→ **WHAT TO DO**
Copy all the lines of the data that include the word "Cartoon".

Start of STORED DATA

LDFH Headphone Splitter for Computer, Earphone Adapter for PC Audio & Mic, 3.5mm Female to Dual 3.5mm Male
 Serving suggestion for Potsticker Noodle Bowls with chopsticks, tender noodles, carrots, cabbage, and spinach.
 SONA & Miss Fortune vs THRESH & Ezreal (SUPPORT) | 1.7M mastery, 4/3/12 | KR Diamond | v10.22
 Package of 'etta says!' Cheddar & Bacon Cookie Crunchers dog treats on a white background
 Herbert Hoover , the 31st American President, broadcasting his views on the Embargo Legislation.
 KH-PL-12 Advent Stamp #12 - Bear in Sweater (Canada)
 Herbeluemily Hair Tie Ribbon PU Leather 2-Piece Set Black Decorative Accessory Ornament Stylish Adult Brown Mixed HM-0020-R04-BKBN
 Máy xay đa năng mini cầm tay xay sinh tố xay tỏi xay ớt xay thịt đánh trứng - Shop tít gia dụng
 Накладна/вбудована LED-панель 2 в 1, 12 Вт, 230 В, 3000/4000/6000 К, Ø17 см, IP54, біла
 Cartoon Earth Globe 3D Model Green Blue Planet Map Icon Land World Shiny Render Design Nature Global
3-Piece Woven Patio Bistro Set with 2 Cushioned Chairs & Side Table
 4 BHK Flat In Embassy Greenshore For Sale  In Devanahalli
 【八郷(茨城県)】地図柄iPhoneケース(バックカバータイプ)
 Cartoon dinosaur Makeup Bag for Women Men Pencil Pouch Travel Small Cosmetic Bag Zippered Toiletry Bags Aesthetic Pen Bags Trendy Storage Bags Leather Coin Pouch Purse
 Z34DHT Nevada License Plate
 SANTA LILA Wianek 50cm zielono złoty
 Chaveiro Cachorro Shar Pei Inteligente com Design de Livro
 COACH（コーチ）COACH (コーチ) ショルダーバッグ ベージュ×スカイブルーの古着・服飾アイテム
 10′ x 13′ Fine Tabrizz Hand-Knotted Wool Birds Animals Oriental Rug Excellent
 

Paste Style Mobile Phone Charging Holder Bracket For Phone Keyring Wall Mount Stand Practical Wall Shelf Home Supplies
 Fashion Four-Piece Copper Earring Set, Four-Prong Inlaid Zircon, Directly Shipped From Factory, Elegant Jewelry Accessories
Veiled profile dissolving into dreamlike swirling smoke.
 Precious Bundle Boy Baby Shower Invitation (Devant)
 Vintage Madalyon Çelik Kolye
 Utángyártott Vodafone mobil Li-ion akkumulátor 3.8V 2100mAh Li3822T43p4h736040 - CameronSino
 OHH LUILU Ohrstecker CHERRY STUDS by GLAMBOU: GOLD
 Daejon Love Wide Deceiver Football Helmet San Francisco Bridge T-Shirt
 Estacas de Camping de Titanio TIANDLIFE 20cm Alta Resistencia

End of STORED DATA

→ **RESPONSE**
 Cartoon Earth Globe 3D Model Green Blue Planet Map Icon Land World Shiny Render Design Nature Global
 Cartoon dinosaur Makeup Bag for Women Men Pencil Pouch Travel Small Cosmetic Bag Zippered Toiletry Bags Aesthetic Pen Bags Trendy Storage Bags Leather Coin Pouch Purse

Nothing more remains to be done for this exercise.